Chairman of Dulwich Harps GAA Club, Laragh native Tom Denning agrees. While his loyalties were firmly in the blue and white camp on Saturday come 3pm, he is proud of how London as a team has fared in this year’s Championship.
A resident in the city since 1958, within his first week of living there Tom had joined up with a club in Wimbledon called the Green Roosters.
He played club football with them until family commitments called time on his career. However, in later years, his relationship has developed with Dulwich Harps GAA, to whom he now acts as the club chairman.
A former chairman of the London minor board for many years and a current delegate to the London county board, he delights in the development of the game at underage level right across the city.
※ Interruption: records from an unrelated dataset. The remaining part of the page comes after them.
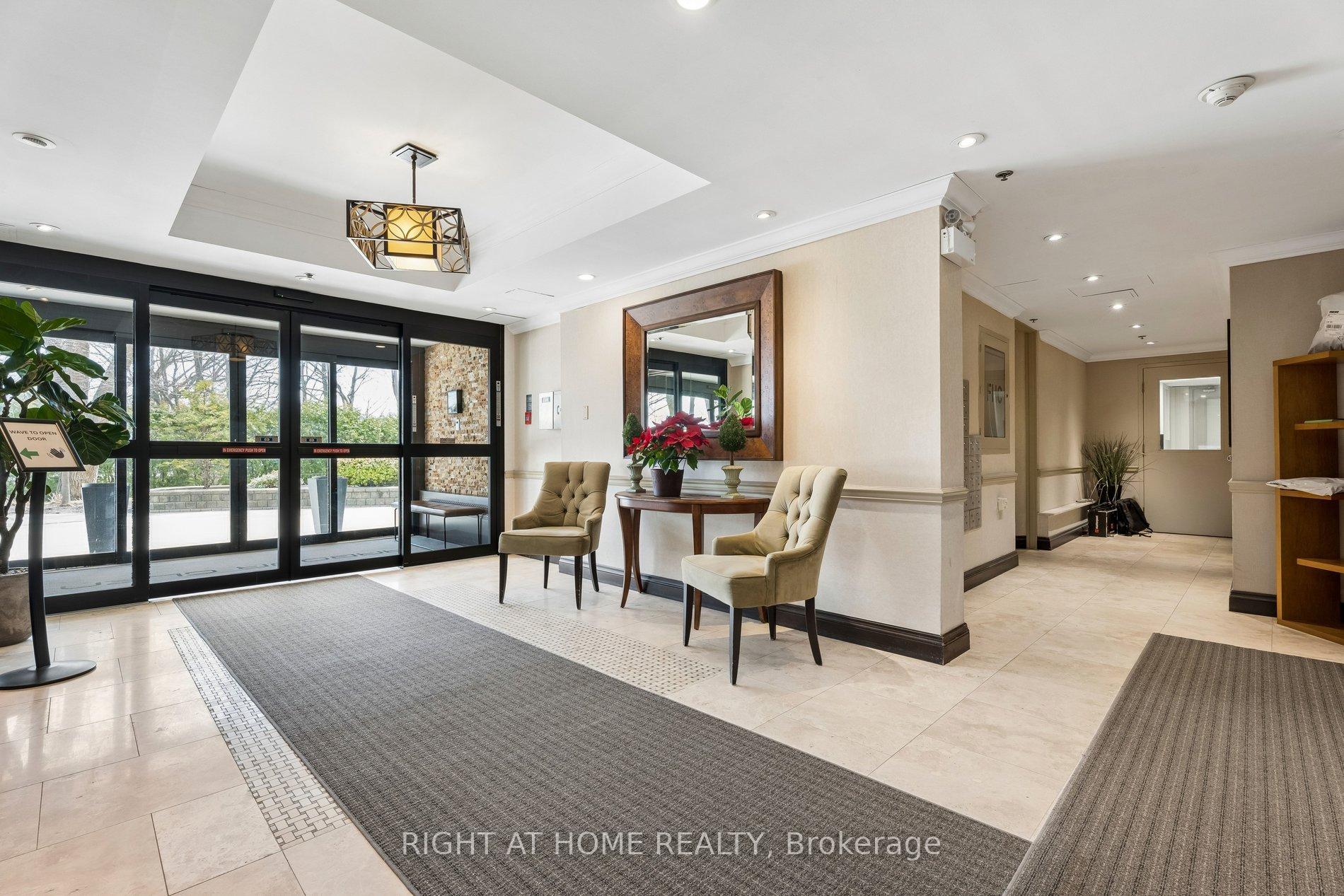 Photo 4 of Unit 207, 212 Kerr Street, Oakville, Central — HOMEH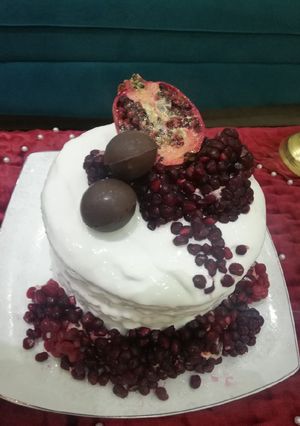 عکسی از دستور کیک با تزیین انار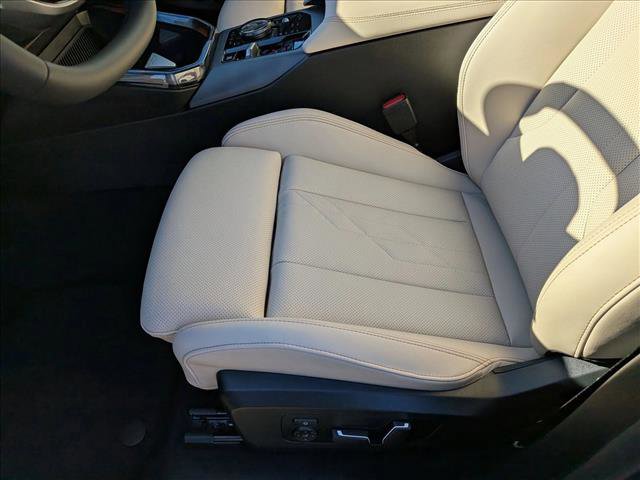 Used 2026 BMW X3 xDrive30 w/ Premium Package image 4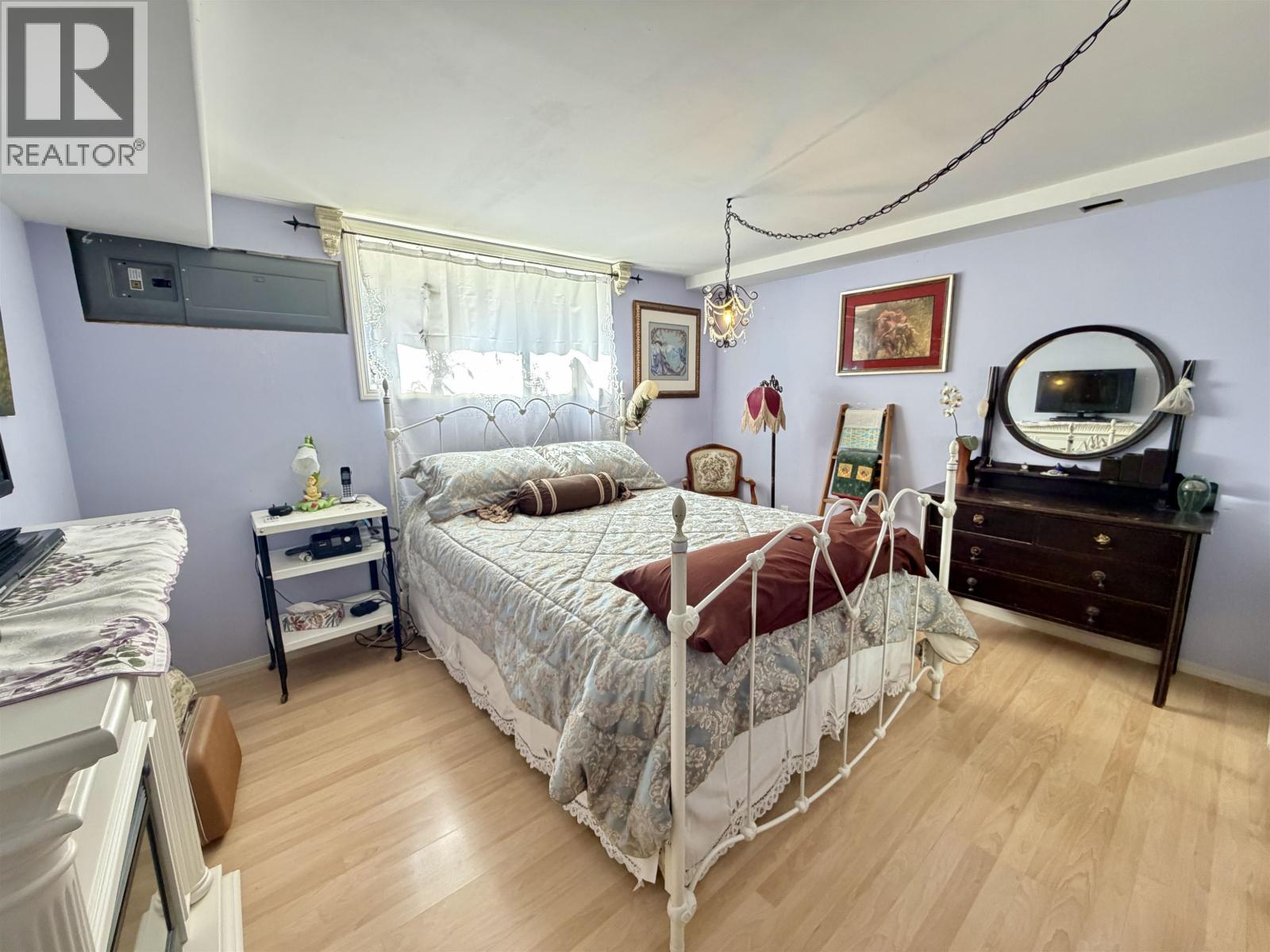 731 NECHAKO AVENUE - 36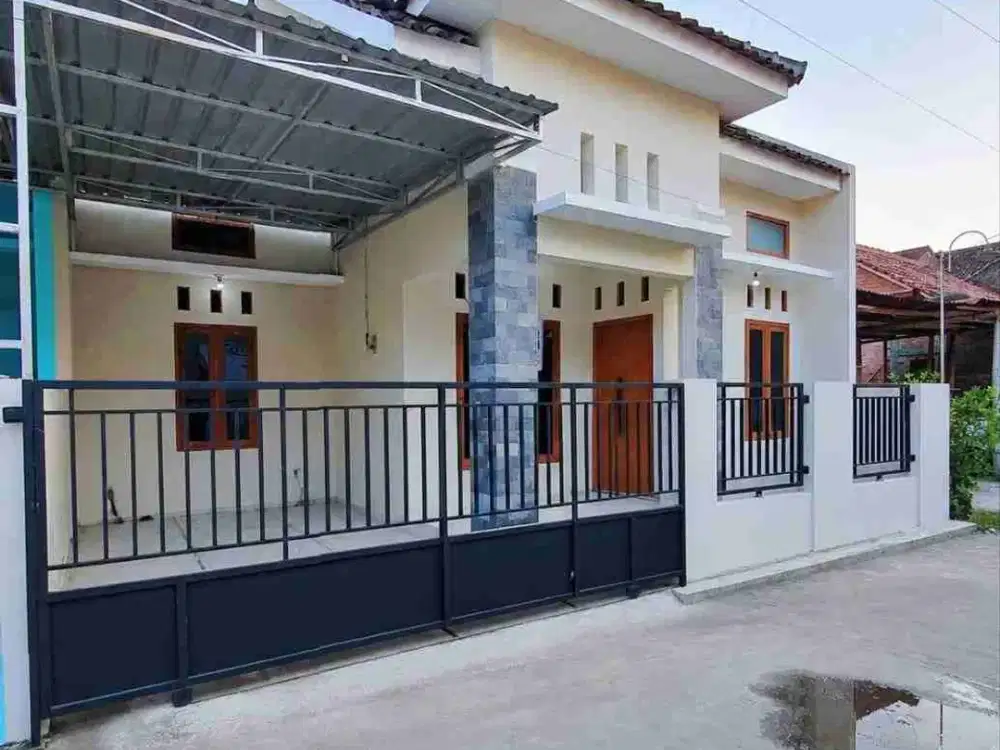 Rumah Cantik Tampak Baru Terawat Dekat Airport Adi Sumarmo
His own charges at Dulwich boast an impressive record here on Irish soil, having not lost a competitive match in over 14 years.
“At that time, when I came over here first, emigration meant people were leaving Ireland in their thousands. Coming to a place like London and joining up with the football it made it that bit easier to settle in. It meant that very quickly you met up with your own people. You went to all the dances, you were involved in other bits as well,” said Tom.

Hopes
Well-known in the Irish community, not just for his involvement in Gaelic games, Tom is also as a co-founding member of the Southwark Irish Festival, along with current president of the Cavan Association London Ben Cahill from Maghera.
Attracting upwards of 10,000 people in each of its 22 years, the festival, much like the GAA in London, proves a focal point for the Irish in the city. Tom hopes one day that young players native to the city will at some stage begin feeding into the senior panel there instead of feeding from abroad. While in Ireland emigration has decimated teams at rural level, in London Tom says, they have their own problems to contend with - the attraction of so many other sports vying for the attentions of young up-and-coming players is just one such concern.
“The roots are well established here. Things have come a long way. We’ve had young and talented players follow a career instead with professional football teams like Charlton, Millwall and Crystal Palace. You can’t blame them. When I came over I joined up for the love of the sport and that’s what the GAA is about.
“But we keep going. The clubs keep doing what we’re doing and the players still come, and get games get played. It’s for the love of the game.”